BMC Genomics. 2013;14 Suppl 8(Suppl 8):S2. doi: 10.1186/1471-2164-14-S8-S2. Epub 2013 Dec 9.
RNAseq technology is replacing microarray technology as the tool of choice for gene expression profiling. While providing much richer data than microarray, analysis of RNAseq data has been much more challenging. To date, there has not been a consensus on the best approach for conducting robust RNAseq analysis.
In this study, we designed a thorough experiment to evaluate six read count-based RNAseq analysis methods (DESeq, DEGseq, edgeR, NBPSeq, TSPM and baySeq) using both real and simulated data.

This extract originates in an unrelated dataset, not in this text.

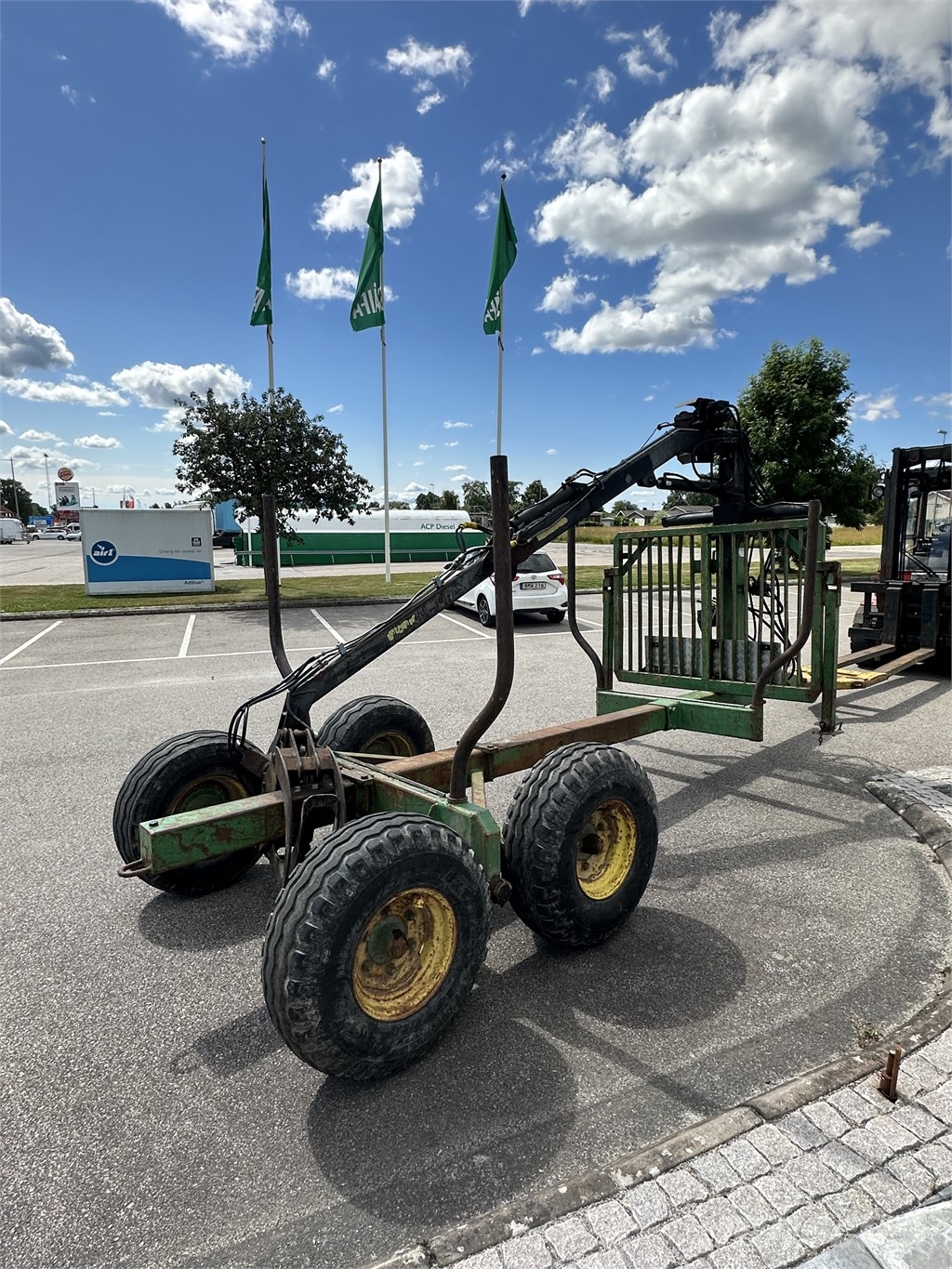 Bredöl 40-30 Metsäperävaunut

We found the six methods produce similar fold changes and reasonable overlapping of differentially expressed genes based on p-values. However, all six methods suffer from over-sensitivity.

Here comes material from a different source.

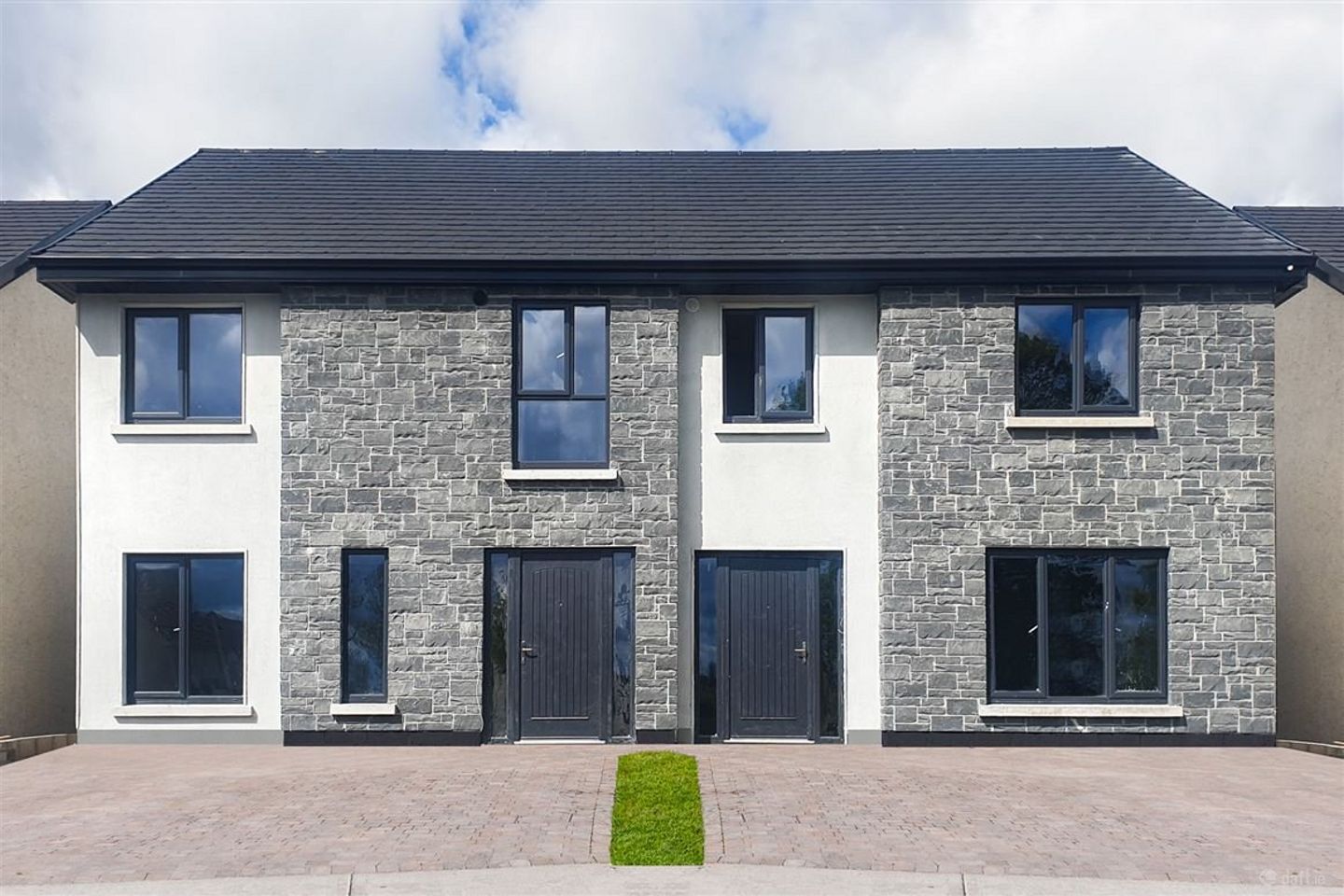 38 Lus Na Greine, Monksland, Athlone, Co. Roscommon, N37E3C7 — photo 1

Based on the evaluation of runtime using real data and area under the receiver operating characteristic curve (AUC-ROC) using simulated data, we found that edgeR achieves a better balance between speed and accuracy than the other methods.
RNAseq 技术正在取代微阵列技术,成为基因表达谱分析的首选工具。虽然 RNAseq 技术比微阵列技术提供了更丰富的数据,但对其数据的分析也更具挑战性。迄今为止,对于进行稳健的 RNAseq 分析,还没有达成共识的最佳方法。
在这项研究中,我们设计了一个全面的实验,使用真实数据和模拟数据来评估六种基于读取计数的 RNAseq 分析方法(DESeq、DEGseq、edgeR、NBPSeq、TSPM 和 baySeq)。我们发现,基于 p 值,这六种方法产生的倍数变化和差异表达基因的合理重叠相似。然而,所有六种方法都存在过度敏感的问题。
基于使用真实数据评估运行时间和使用模拟数据评估接收者操作特征曲线下的面积(AUC-ROC),我们发现 edgeR 在速度和准确性之间取得了比其他方法更好的平衡。